Richard Huxton escribió:

> Luis Cornide Arce wrote:
>
>> Hi everyone,
>>
>> I have some problems with a quite long query and the plan postgreSQL
>> is choosing. The query joins 12 tables and in the WHERE clause I use
>> a IN expression with a lot of identifiers (up to 2000). The problem
>> is that the planner is proposing a seq_scan on two tables 2M rows
>> each (internalexpressionprofile and expressionprofile)
>>
>> I have just try this query (after doing a vacuum analyze), in the
>> 'IN' clause there are 1552 identifiers, and the query should return
>> 14K rows.
>> I'm using a PostgreSQL 8.0.2 on a SuSE 8.1 with 1GB of RAM.
>
>
>> WHERE epg.expprogeneid IN (80174,84567,...) AND
>> epg.expprogeneid=epro.expprogeneid
>
>
> ->  Hash Join
>     (cost=15413.58..78079.33 rows=24339 width=134)
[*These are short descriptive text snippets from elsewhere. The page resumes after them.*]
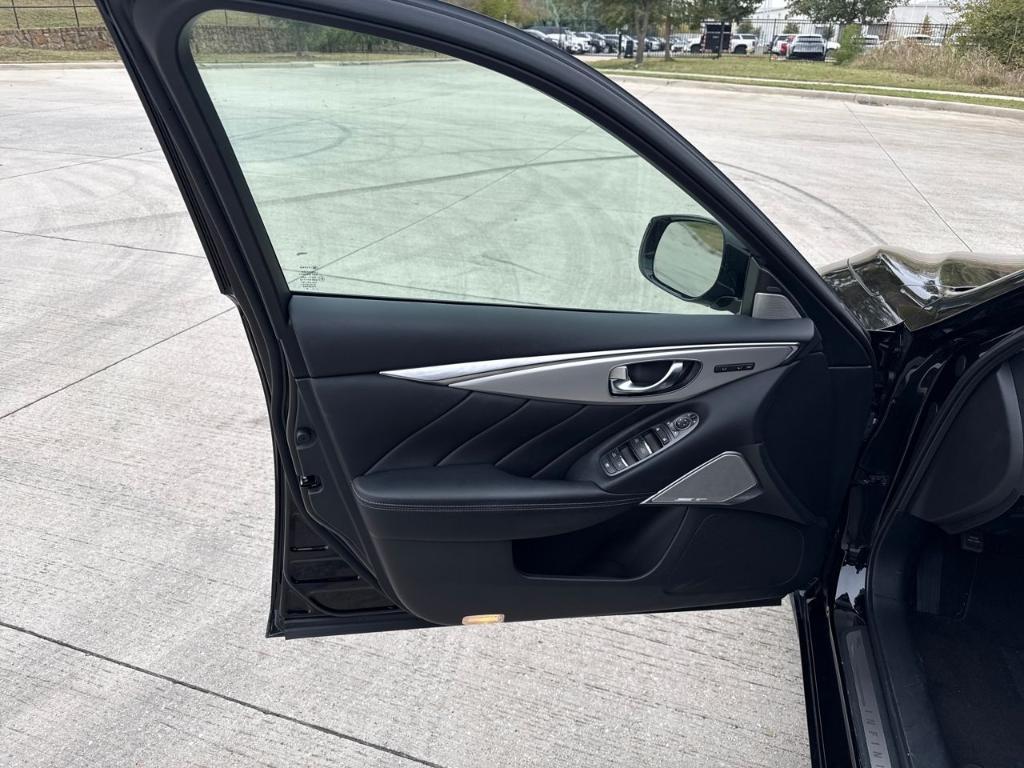 used 2024 INFINITI Q50 car, priced at $31,985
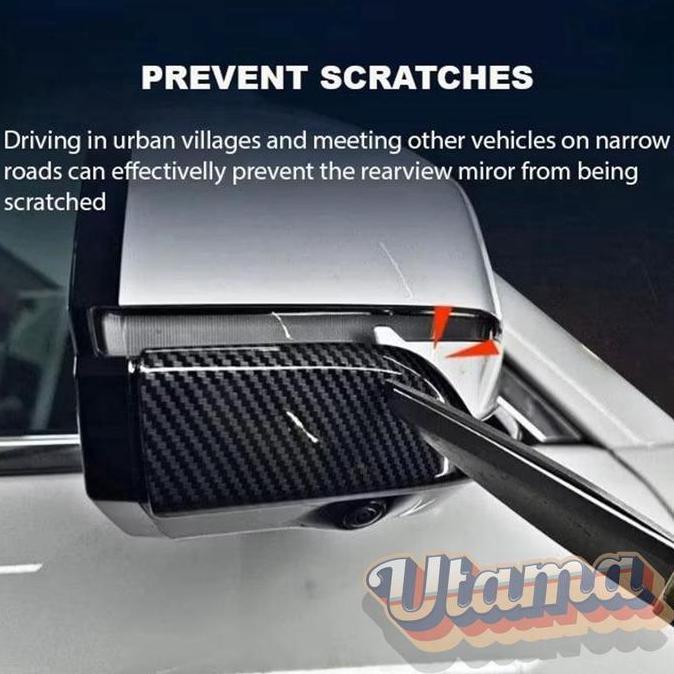 Murah Rear View Mirror Protector For Geely Ex5 Pro & Max Anti Collision Strip Shell Anti Scratch Pel
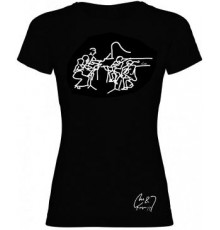 Camiseta Orquesta Chica Negra XL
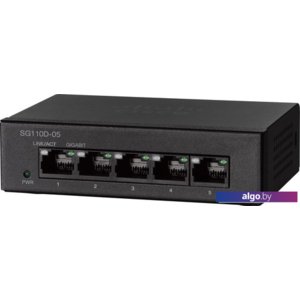 Коммутатор Cisco SG110D-05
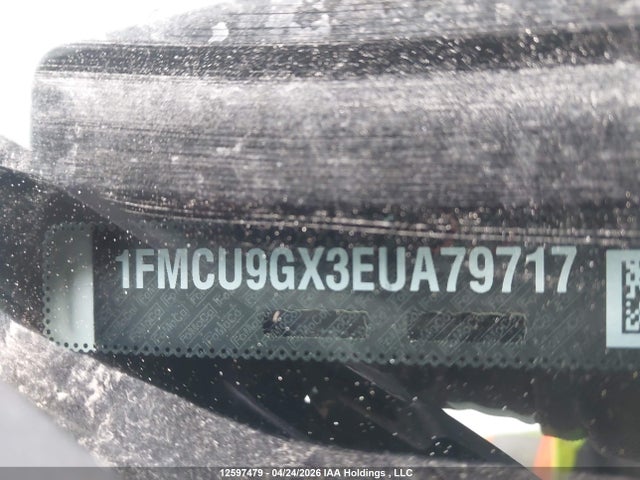 1FMCU9GX3EUA79717 Ford ESCAPE SE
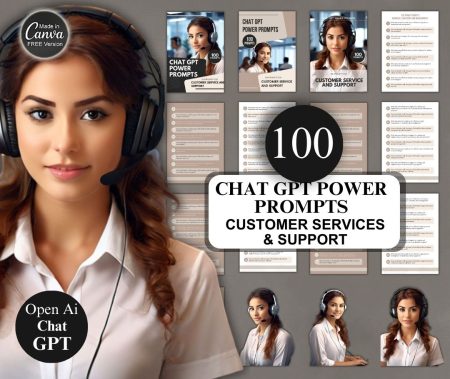 100 Chat GPT Customer Service Prompts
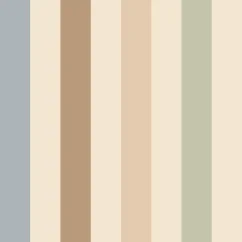 Tapeta Béžové pruhy v neutrálnych tónoch 280×50 cm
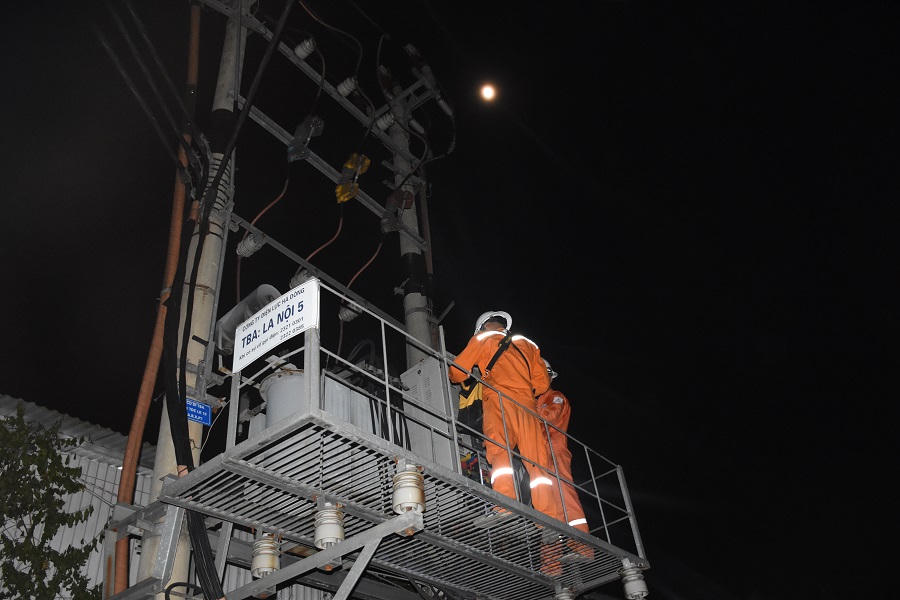 Nỗ lực đảm bảo điện cho thủ đô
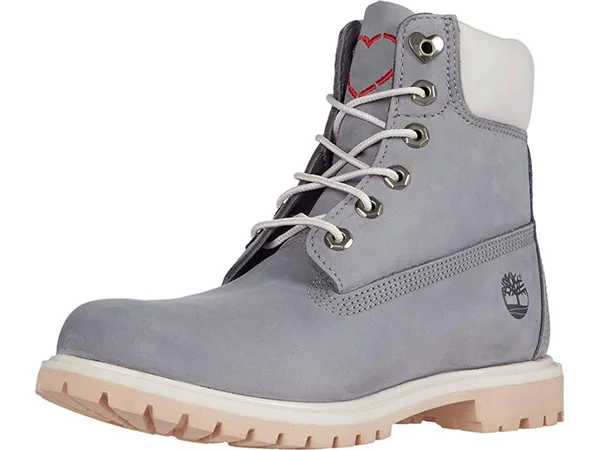 Timberland Women's Jayne Love Collection 6 inch Waterproof Boot - 6 - Grey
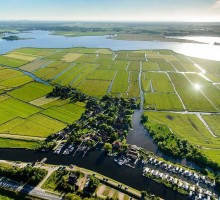 Luchtfoto De Woude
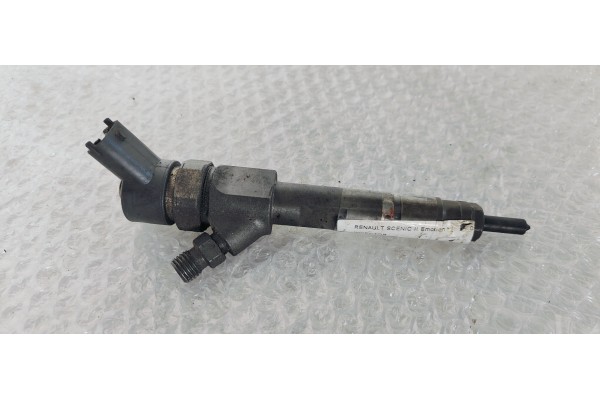 Recambio de inyector para renault scenic ii emotion referencia OEM IAM 0445110110B  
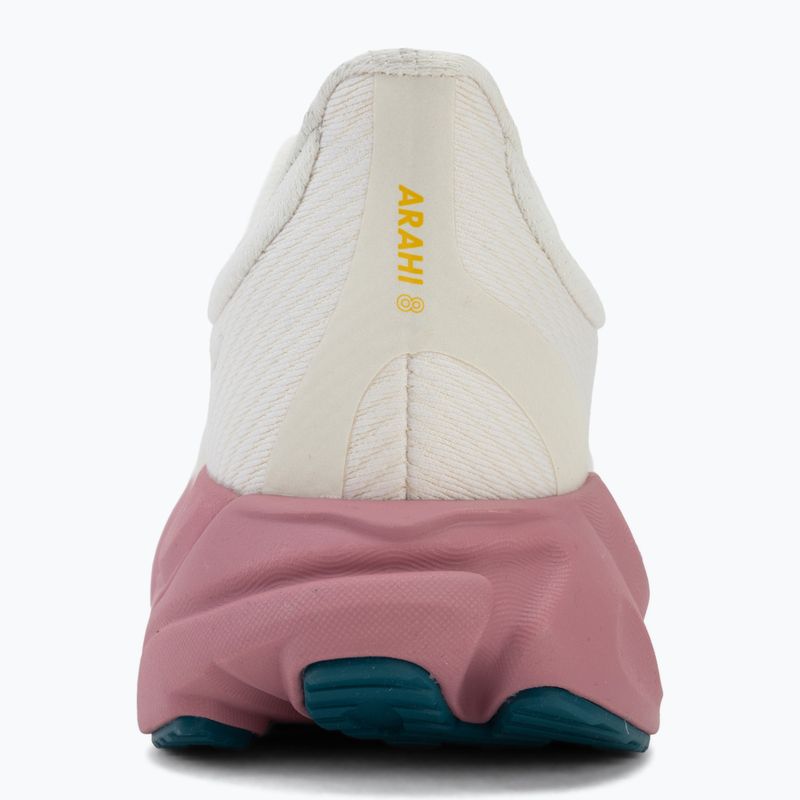 Кросівки для бігу жіночі HOKA Arahi 8 alabaster/lingonberry 6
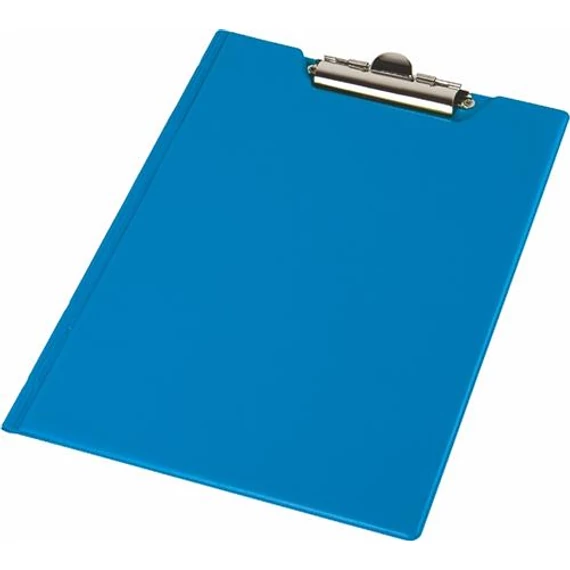 Felírótábla, fedeles, A4, sarokzsebbel, PANTA PLAST, kék
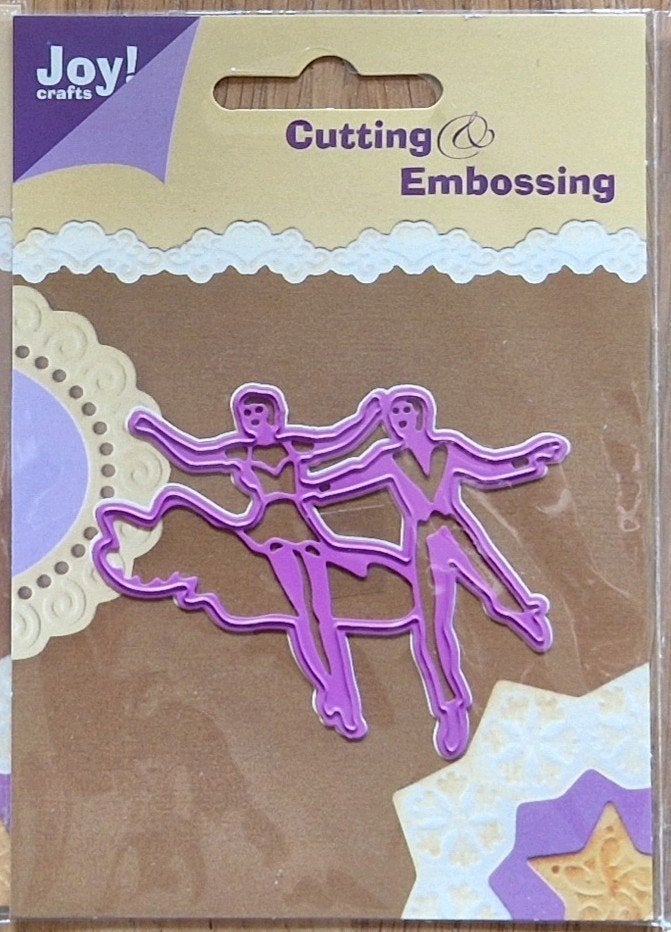 Cutting & Embossing Dansers
6002/0093, Ophalen of Verzenden, Nieuw, Overige thema's, Pons of Mal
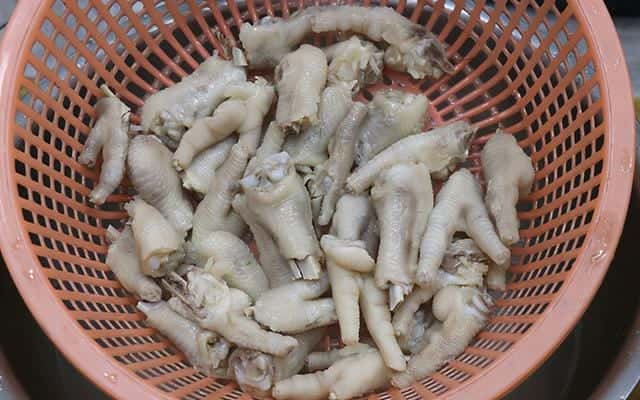 网红柠檬泡鸡爪最简单做法（网红柠檬泡鸡爪的做法）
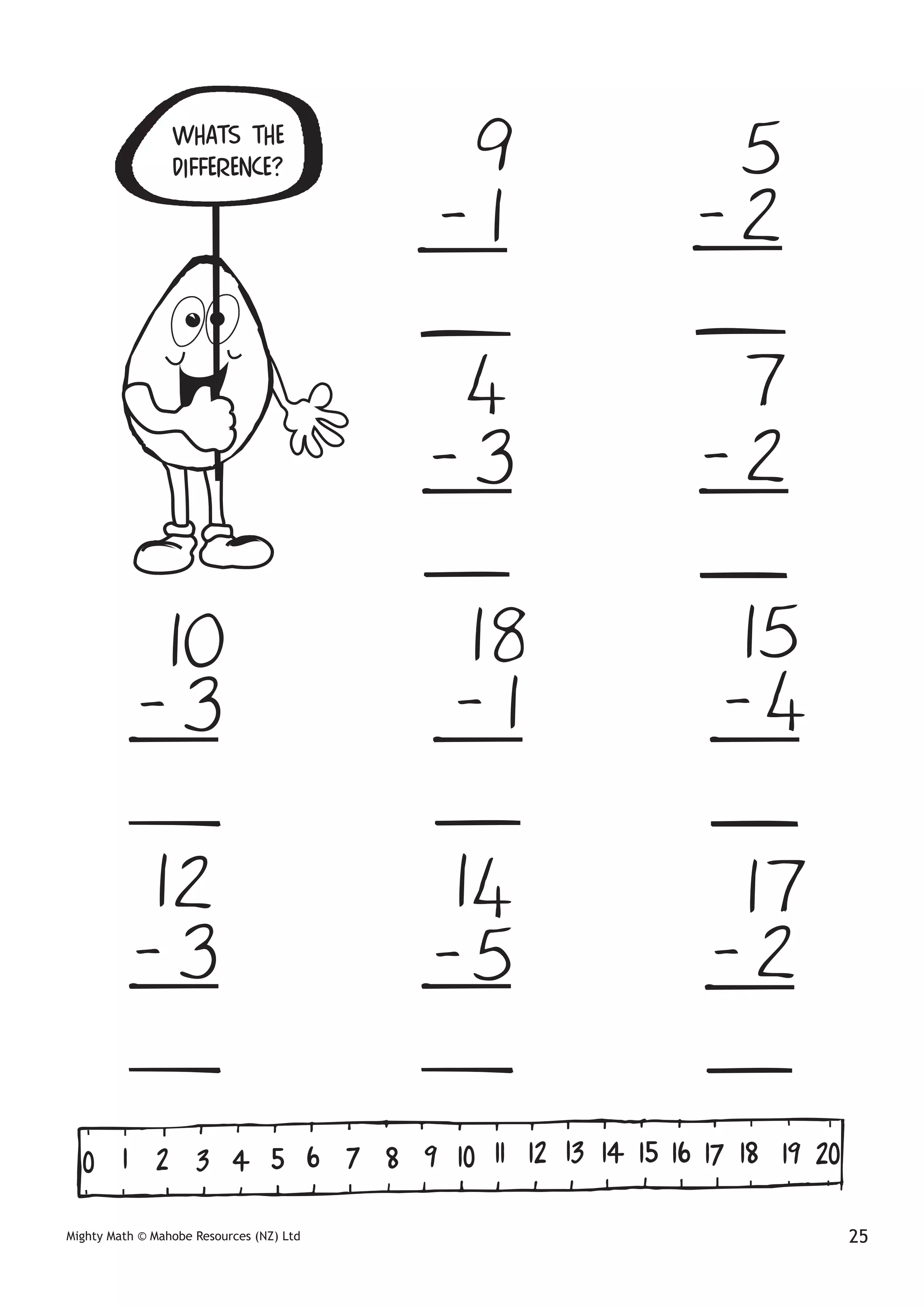 Kim freeman mighty math for 4-6 year olds introducing addition and ...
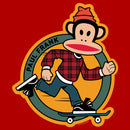 Men's Paul Frank Julius Skateboarding T-Shirt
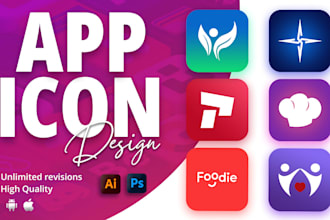Top 5!  design a professional ios app icon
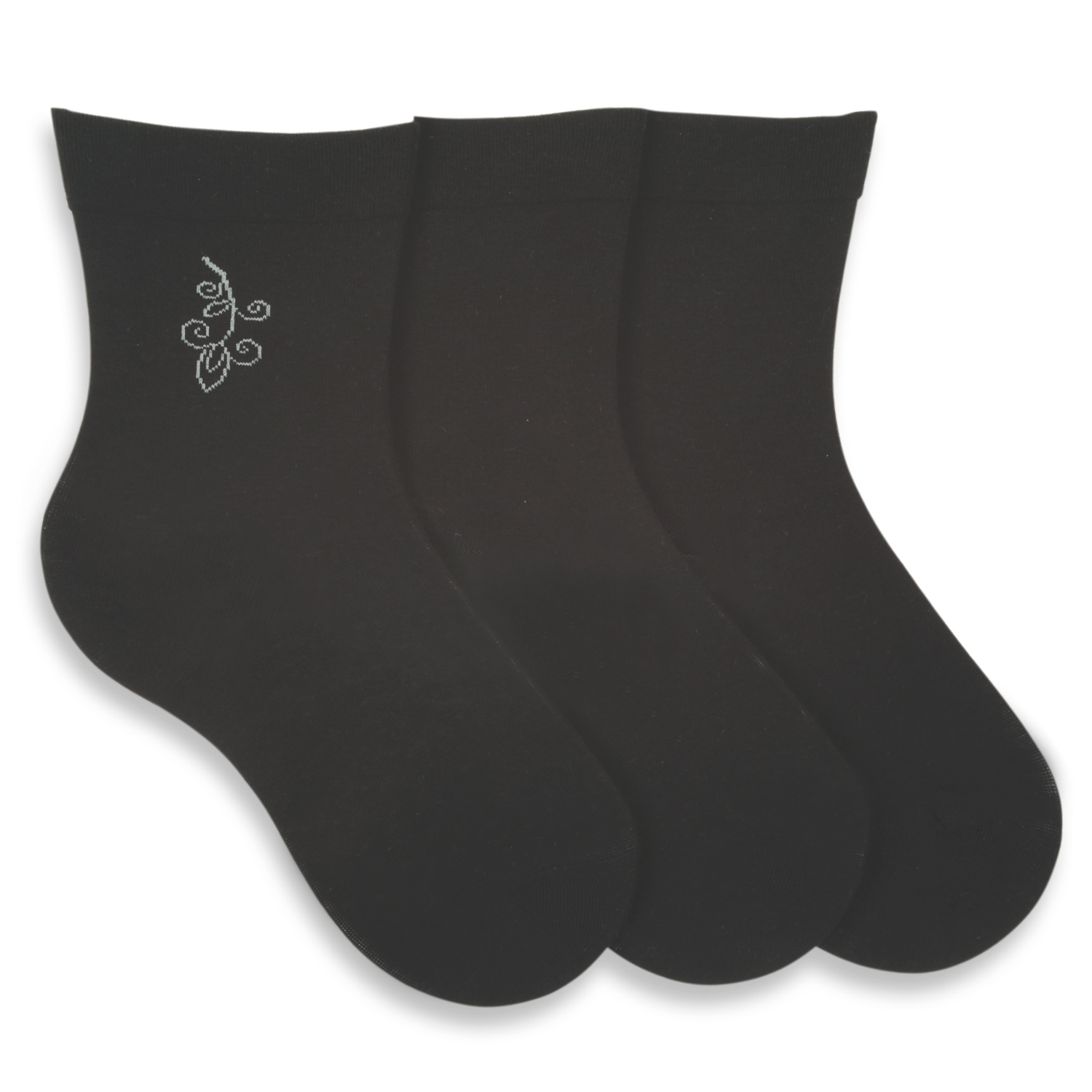 Damen Socken Gesundheitssocke Komfortbund 3er Pack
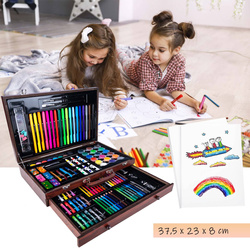 ZESTAW DO RYSOWANIA MALOWANIA XL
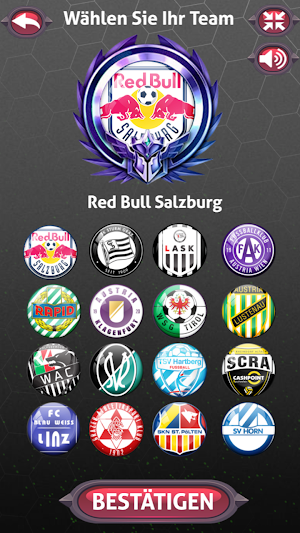 Austrian Bundesliga Screenshot 1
>     (actual time=1489.347..5721.306 rows=41904 loops=1)
>     Hash Cond: ("outer".expprogeneid = "inner".expprogeneid)
>    ->  Seq Scan on expressionprofile epro
>         (cost=0.00..48263.24 rows=2831824 width=8)
>         (actual time=0.039..3097.656 rows=2839676 loops=1)
>
> ->  Index Scan using
> expprogene_pk, expprogene_pk, [......] on expprogene epg
> (cost=0.00..10698.83 rows=1546 width=8) (actual time=0.027..15.907
> rows=1552 loops=1)
>     Index Cond: ((expprogeneid = 80174) OR (expprogeneid = 84567)
>     OR (expprogeneid = 83608) OR [OR ....])
>
> OK - it looks like the "IN" clause is using your index. The fact that
> it's using a Seq-scan on "expressionprofile epro" looks odd though,
> especially since it expects 24339 matches (out of 2.8 million rows -
> that should favour an index).
>
> Of course, I've not considered the context of the rest of the query,
> but I'd expect the index to be used.
>
> Do you have any unusual config settings?